I know it’s not as simple as looking at energy, but a 240 Grain, JHP .44 Magnum round has about 700 ft-lbs at 25 yards, while a M193 round has the same energy at about 250 yards (according to my iSnipe app).
While a .44 Magnum projectile is a lot heavier, slower, with more surface area in the tip of the projectile compared to a .223 projectile, if for example the NIJ rating for a level IIIA plate or panel defeats a .44 magnum at near muzzle velocity, does it not stand to reason that, in theory, at extreme distance (say 400-500 yards) a piece of IIIA could similarly defeat a .223 round?
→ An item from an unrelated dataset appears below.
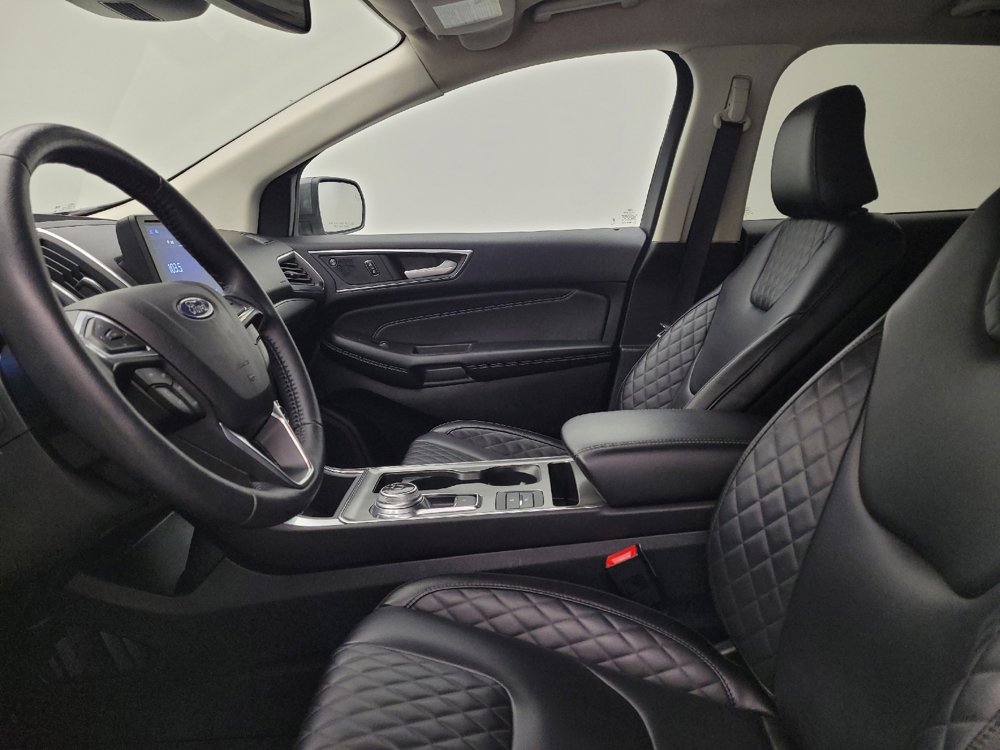 Used 2024 Ford Edge Titanium AWD/4WD image 17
If so, hypothetical speaking, as JWR portrayed in his book Liberators, lighter armor might benefit a shooter with a long range .30 rifle engaging an enemy with a .223 rifle at 500-600 yards. – HTC
Hugh Responds: It is a complex issue, but the bottom line is that the armor penetration is determined by four basic factors:
- The energy in the round when it strikes the target,
- The surface area of the round striking the target,
- The material and construction of the round (lead core vs steel core, steel jacket vs copper jacket, et cetera), and
- The performance of the armor itself.
Obviously, the frontal area of a .44 round is considerably larger than that of a .22 round. Also .44 rounds generally do not have steel cores or steel jackets. Because of those differences, you can not just compare the energy contained in the rounds. To complicate matters further, at higher velocities, the rifle bullets can actually melt from the energy dumped into the target upon impact and the effect can be similar to a shaped charge with a molten jet of metal penetrating. It is NOT a safe assumption to make. Eventually, the distance involved will make the rifle round less effective at penetrating armor, but since you do not know the construction of the bullet nor the velocity it is fired at, along with a number of other variables, there is no practical way of determining how much distance is required to ensure your armor works.